Despite OPEC’s best efforts, shale boomers are still alive and kicking—at least some of them. More precisely, those that came first, chose the best acreage, and had the farsightedness needed to make it profitable in the long run, as well as some luck. At least that’s the conclusion of IHS Markit in a new study.

The market researcher’s study focused on the Delaware Basin, which is a particularly prolific part of the Permian. The study found that the best performers were the companies that entered the play first and knew more than most about the local geology, and named EOG Resources as the most successful in that area, thanks to its long presence in the Delaware Basin and the extensive knowledge of the equally extensive plays it is operating, according to author Sven Del Pozzo.

Because of its early entrance and higher-risk appetite, EOG and others like it now remain profitable even with $50 crude, unlike droves of other sector players that have either gone under or are about to, because they simply cannot bring their production costs down enough to survive in the current price environment.

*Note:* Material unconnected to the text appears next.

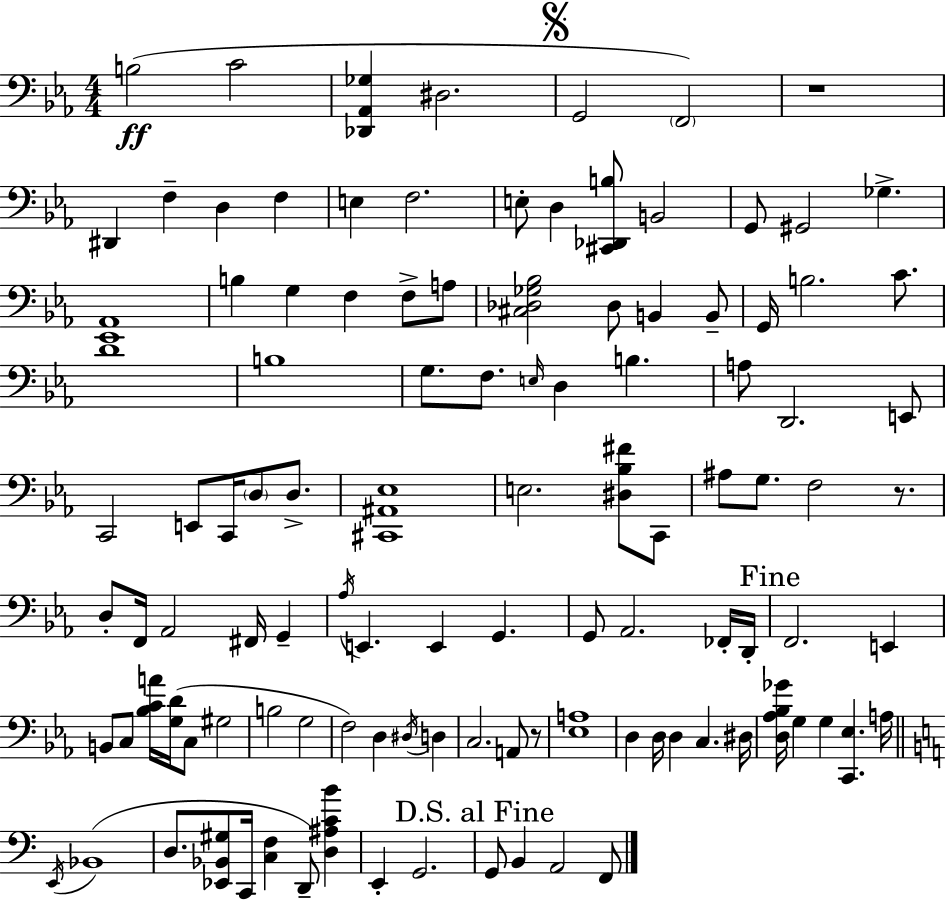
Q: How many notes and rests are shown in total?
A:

But these best performers have more than just themselves to thank, according to another IHS expert, associate director for Plays and Basins Reed Olmstead. Olmstead explained at a recent industry event that there were four factors that determine oil and gas company success in this area. The first indeed included tactics such as picking and choosing where to drill, which accounted for 35 percent of the overall cut of their breakeven price, but 40 percent of the reduction came from price cuts made by the oilfield service sector – a segment of the oil industry that is having its own problems after being forced to offer service prices at a solid discount plus much shorter contracts to stay afloat.

The other two factors contributing to the success of the oldest Permian players were operational improvements, which accounted for 20 percent; and infield learnings, which accounted for 6 percent.

Meanwhile, the Permian remains the most productive of all shale plays across the U.S.

It’s apparent that luck had a bit to do with the success of those early entrants, but risk-taking was also a defining characteristic, according to Del Pozzo, who is IHS’ director of energy company and transaction research. In those early days of the shale revolution, these companies were the first to try horizontal drilling instead of the traditional, vertical kind.

Horizontal drilling is costlier than its vertical sibling, but it makes for better yields. Higher risk, but higher possible reward. The shale boom pioneers seem to be still reaping the benefits of these yields despite the price downturn.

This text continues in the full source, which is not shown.